L&G released a structured product earlier this month offering the same coupon as an earlier version in November, despite commission being stripped out.

The Legal & General Early Bonus Plan 10 had an offer period of 5 November 2012 to 21 December 2012, offering a coupon of 16.8 per cent after two years, with a commission of 3 per cent.

However, the Legal & General Early Bonus Plan 11, on offer between 2 January and 22 February 2013, has commission stripped out but still offers the same rate.

Mr Webster added: “It is a legitimate question as to why the rates are the same, and appears to be a growing issue.”

James Harrington, head of investment implementation for L&G, denied that the firm was hoarding commission as a result of the RDR and said the coupon was the same due to funding markets.

He said: “Structured products and kick outs are linked to the funding offering by the bank that is the underlying counterparty.

“The government’s Funding for Lending Scheme means the banks do not need to pay as much as they previously did, as they can get funds elsewhere.

“When we structure a product we buy debt from the bank.
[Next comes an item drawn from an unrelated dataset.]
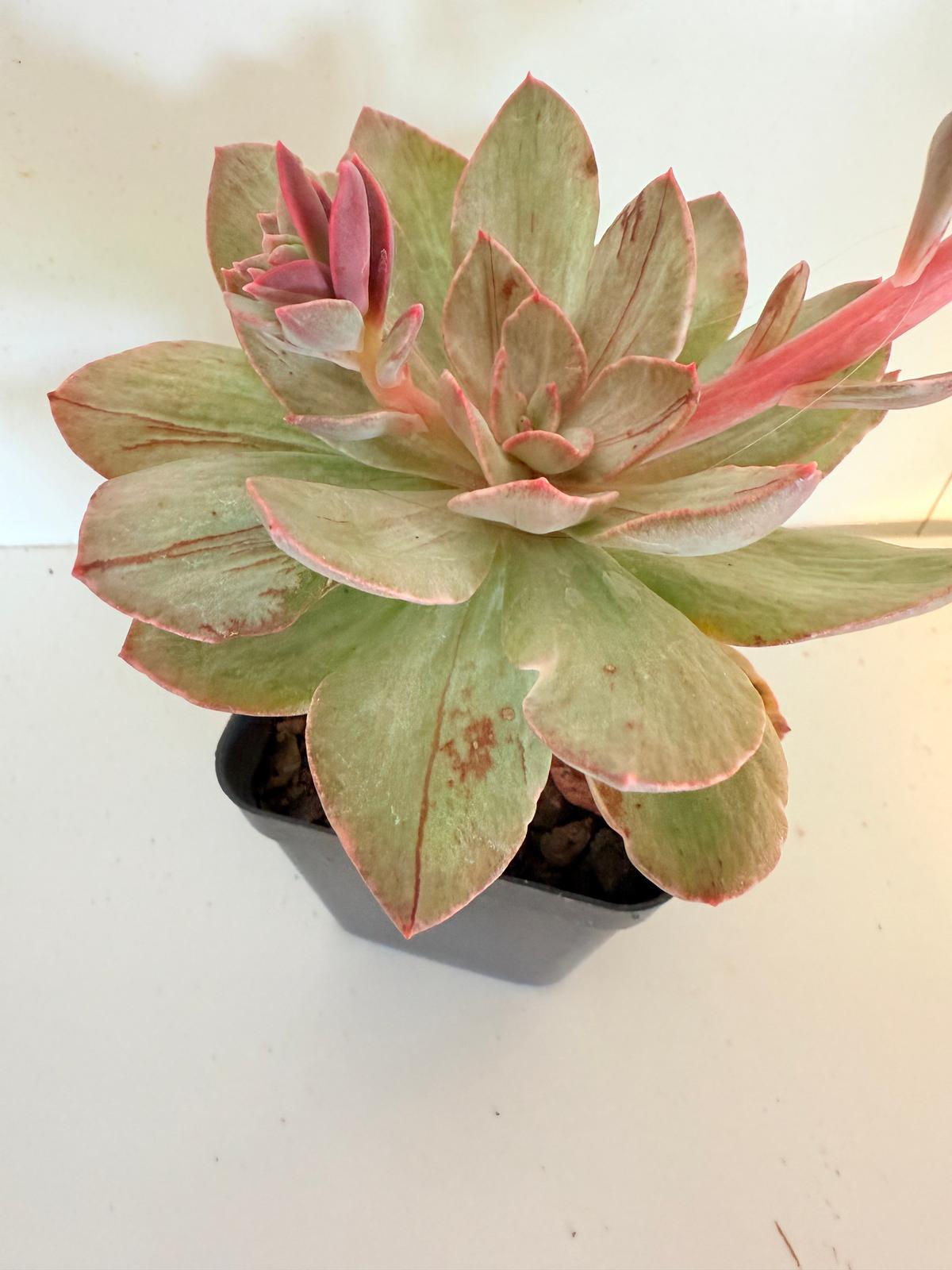 Hanakaida Silk Variegate #62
That note will pay a certain return. The more they need money, the more they will pay. All of the banks can get cheap funding at the moment.”

He said the coupon also depends on volatility in the market and claimed a client is better off, as the coupon would be lower if commission were included.
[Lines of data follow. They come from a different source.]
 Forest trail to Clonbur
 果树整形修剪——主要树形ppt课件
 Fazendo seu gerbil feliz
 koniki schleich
It comes despite industry commentators claiming that the RDR would be a boost for structured products.

Ian Lowes, managing director for Lowes Financial Management, and founder of Structured Product Review admitted structured products had offered better coupons in the past, but said: “There either needs to be increased funding rates or increased volatility to improve rates. This has happened a few times before, it is just part of the cycle.”

Last week, Steve Laird, director of Belfast-based Carrington Wealth Management, said he believed many fund management groups were charging the same AMC (normally 1.5 per cent) as they had charged in 2012, despite not having to pay advisers trail commission in the post-RDR environment.

Earlier this month, sister publication FTAdviser revealed that MetLife had written to advisers, stating it was increasing the AMC on its Income for Life Bond in the wake of the RDR, claiming harsher tax treatment of adviser charging than commission.

A spokesman for MetLife said he expected the practice to be widespread in the market, adding: “When commission was paid the charge was treated as a business expense and reduced the amount of tax we had to pay.”